# I'd post more if not for Mann Lake



## Tim KS (May 9, 2014)

The "delete" button is right where it always is, a single click and they magically disappear.


----------



## camero7 (Sep 21, 2009)

AstroBee said:


> I may have to put Mann Lake in my spam filter... I'm getting multiple emails per day for the past week, and each one is basically like previous ones sent.



:thumbsup:


----------



## clyderoad (Jun 10, 2012)

Up to 4 a day. And they extended the 11% sale for a extra day too.
I don't remember them pushing this March sale as hard in past years.


----------



## Vance G (Jan 6, 2011)

Beekeeping is done with descretionary dollars and we are eight years into a recession. Mann lake is trying to boost sales thats all.


----------



## Billboard (Dec 28, 2014)

I get atleast 4 in my junk mail and i dont know how but getting 4more in my regular in mail box. Pretty excessive id say


----------



## DPBsbees (Apr 14, 2011)

My order already shipped.


----------



## LeonardS (Mar 13, 2012)

I'm Ok with any emails from Mann Lake regarding sales and weekly specials. I try to buy throughout the year, before I need things and when they are on sale. Much better than waiting until I need something and paying full price.


----------



## jadebees (May 9, 2013)

I was just on their site today. Put stuff in the cart, went to check out, found out shipping was 150% of my whole cart, and closed the site instantly. Do they overnight ship or something , as a policy? Because I won't pay 100's to ship a box. Someone's doing really good, on those rates. Unless they can get that cost down, they will be in my spam filter. I should see if they have options, but I was horrified!


----------



## exmar (Apr 30, 2015)

jadebees said:


> I was just on their site today. Put stuff in the cart, went to check out, found out shipping was 150% of my whole cart, and closed the site instantly. Do they overnight ship or something , as a policy? Because I won't pay 100's to ship a box. Someone's doing really good, on those rates. Unless they can get that cost down, they will be in my spam filter. I should see if they have options, but I was horrified!
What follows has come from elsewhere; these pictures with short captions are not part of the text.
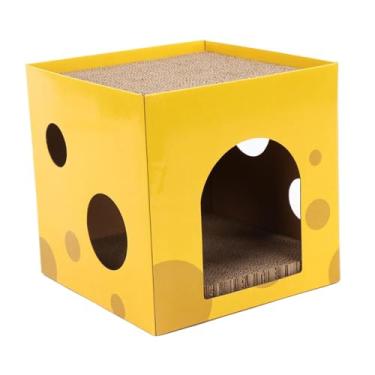 Imagem de Ｂｅｓｇａ Gato Arranhando Casa de Papelão Gato Scratcher Móveis Protetor Interativo Anti Deslizamento Inferior Caixa Ondulada Lounge, 30x30x30cm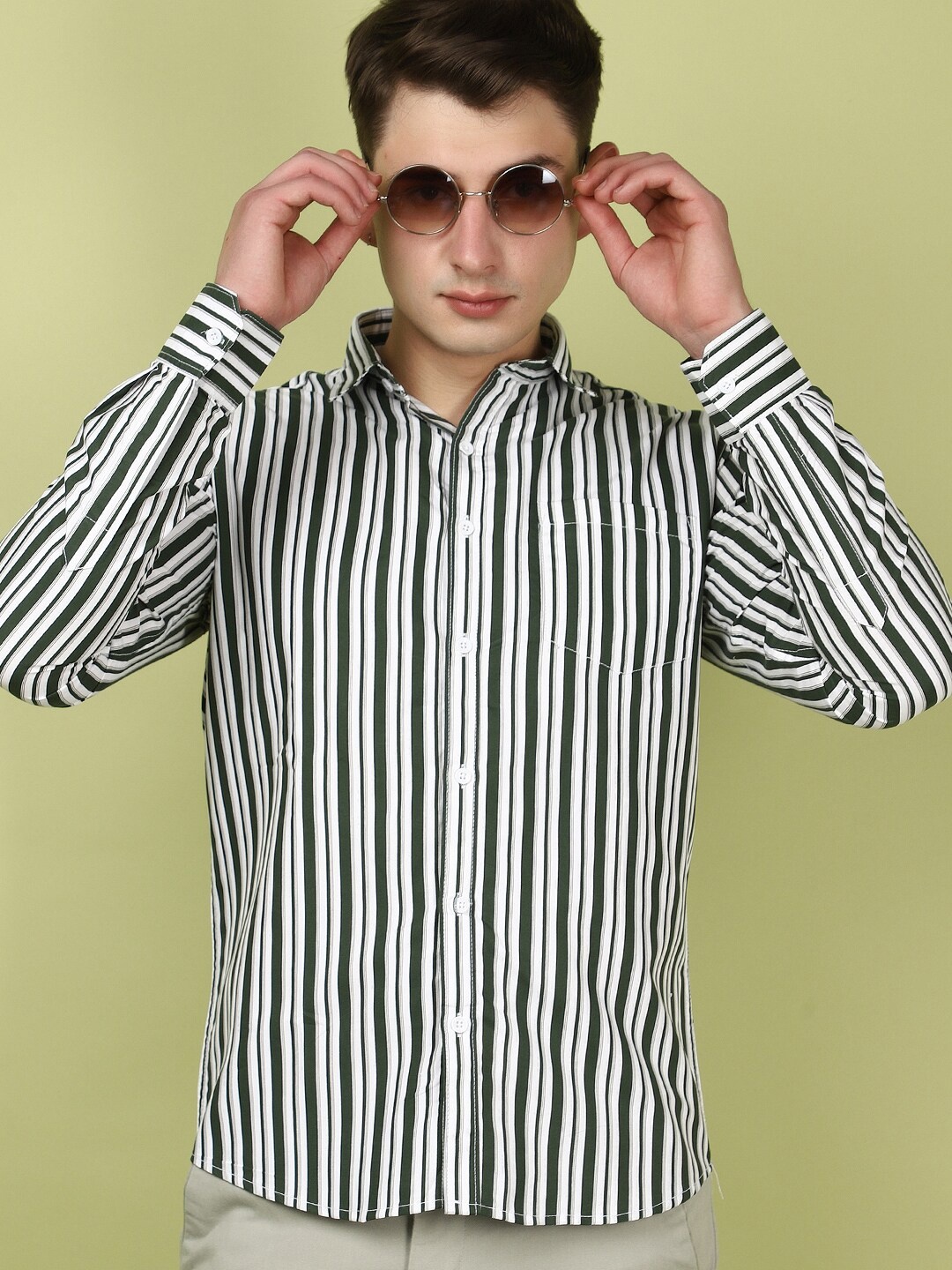 

V-Mart Slim Fit Striped Spread Collar Long Sleeves Casual Shirt, Green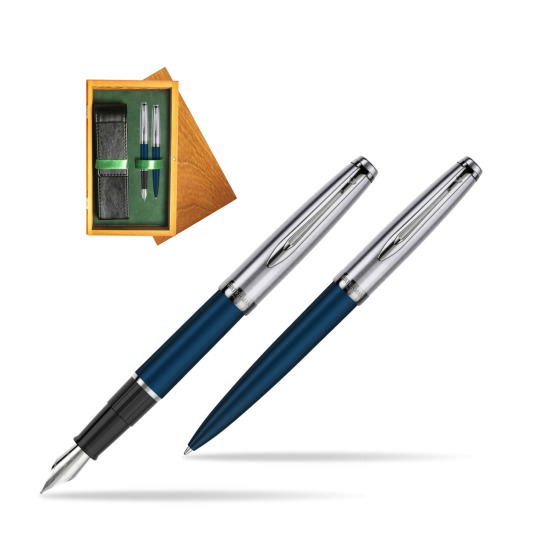 Fountain + Ballpoint Pen Gift Set Waterman Embleme Navy Blue in double wooden box Honey Green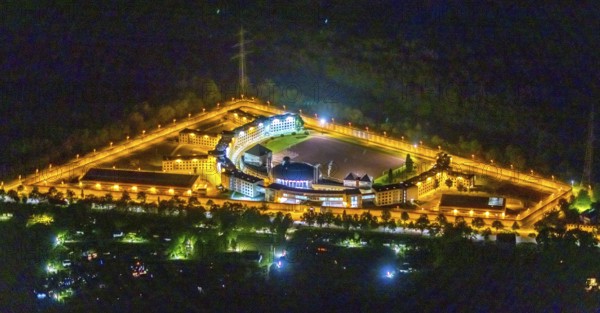 Aerial view, Gelsenkirchen Prison, JVA Feldmark, Gelsenkirchen, Ruhr area, North Rhine-Westphalia,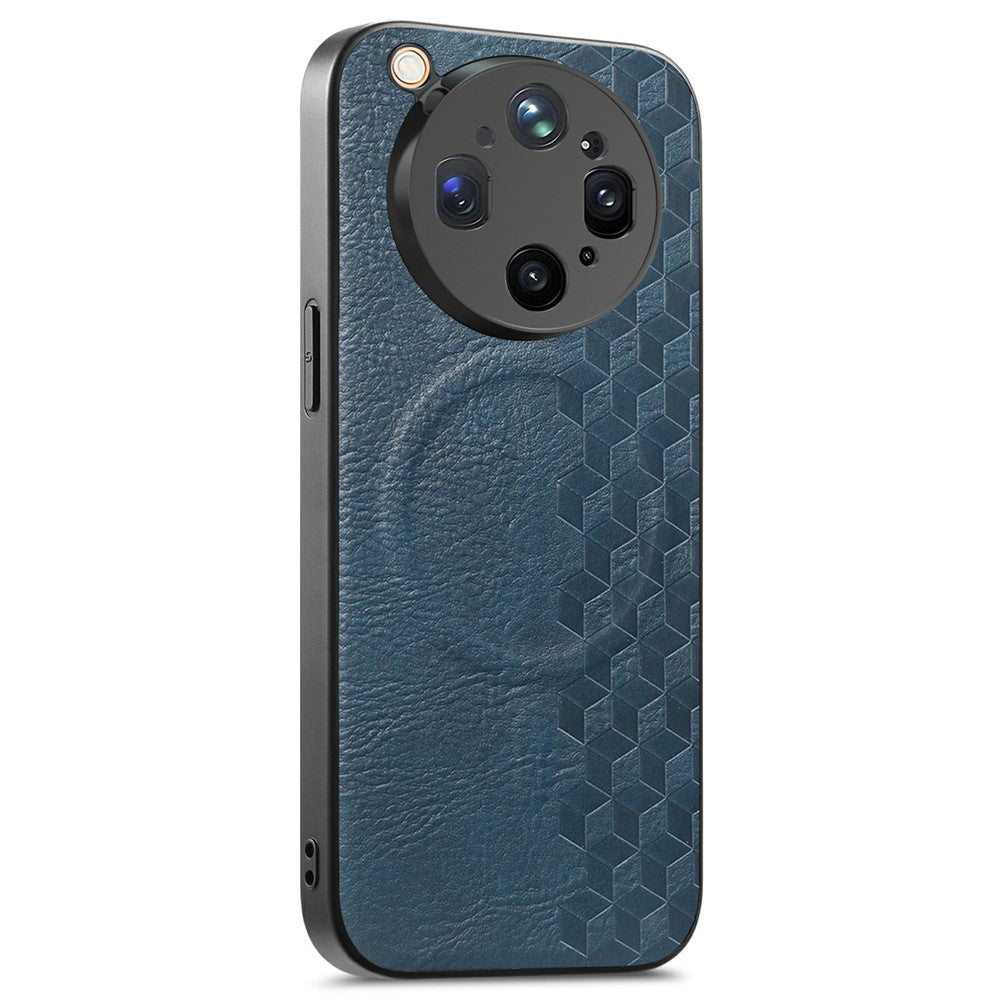 For Oppo Find X9 Ultra 5G Magnetic Phone Case with Grid Pattern Protective PU Leather + PC Cover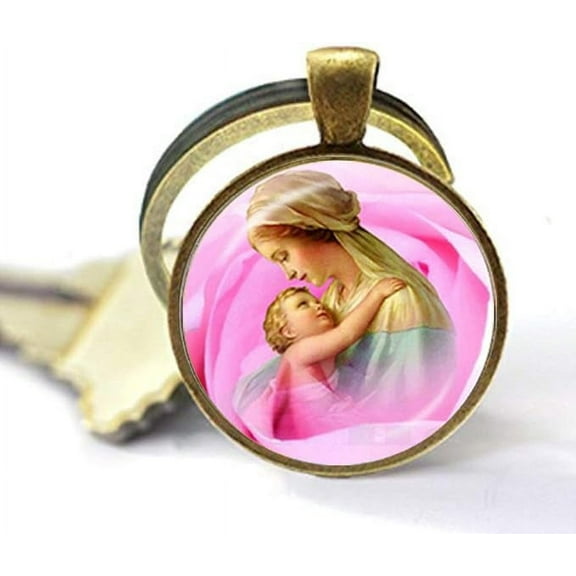 Blessed Virgin Mary Mother of Baby KeyChain Jesus Christ Christian Jewelry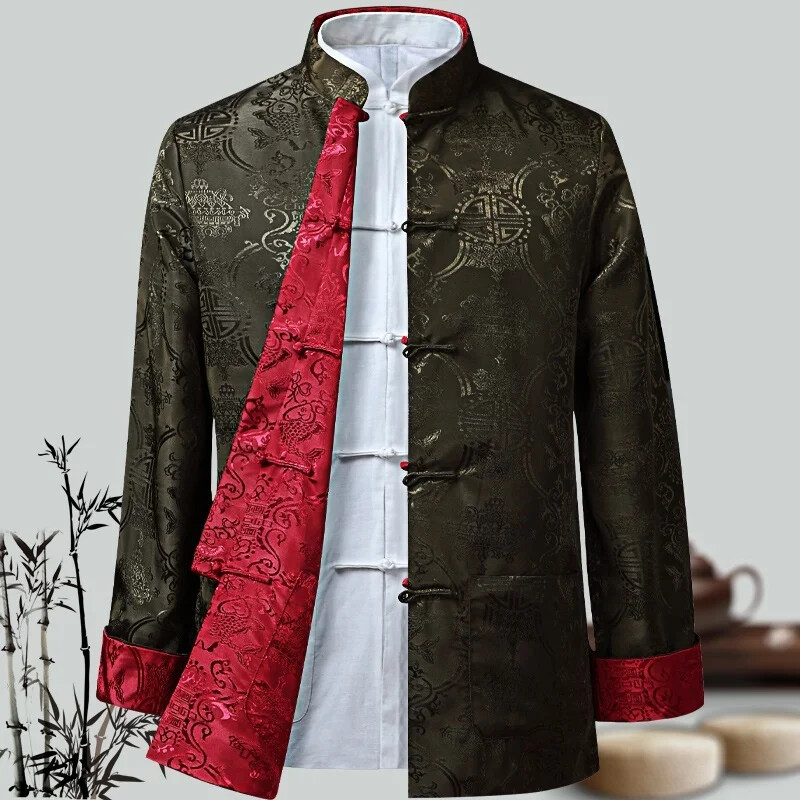 Men Chinese Shirt Kung Fu Coats Tang Suit Traditional Chinese Jackets ...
Had that problem with most online places until you reach their "free" shipping point. Discovered www.betterbee.com very pleased with their products and shipping.


----------



## DPBsbees (Apr 14, 2011)

jadebees said:


> I was just on their site today. Put stuff in the cart, went to check out, found out shipping was 150% of my whole cart, and closed the site instantly. Do they overnight ship or something , as a policy? Because I won't pay 100's to ship a box. Someone's doing really good, on those rates. Unless they can get that cost down, they will be in my spam filter. I should see if they have options, but I was horrified!


Free shipping after $100 order. Did you just buy one box?


----------



## HarryVanderpool (Apr 11, 2005)

Just look at the bottom of their e-mail and you will find a utility to opt-out of future e-mails.
Not the end of the world....


----------



## Pooh Bear (Jun 19, 2015)

Yes just received an order from betterbee that had reasonably cheap and fast shipping. Will be buying stuff from them again.


----------



## snapper1d (Apr 8, 2011)

AstroBee said:


> I may have to put Mann Lake in my spam filter... I'm getting multiple emails per day for the past week, and each one is basically like previous ones sent.


Yep I said something to them yesterday about all the emails.I dont want to opt out but I dang sure dont care to get the basically same thing 4-5 times a day.


----------



## Honey-4-All (Dec 19, 2008)

*Anyone else getting spammed to death by Mann Lake?*

Since the first of March I have received 19-20 emails from Mann Lake touting this or that product and/or sale. 

In one week....????? 

IMO its a good way to have turn people off right quick no matter how good the deals might be. 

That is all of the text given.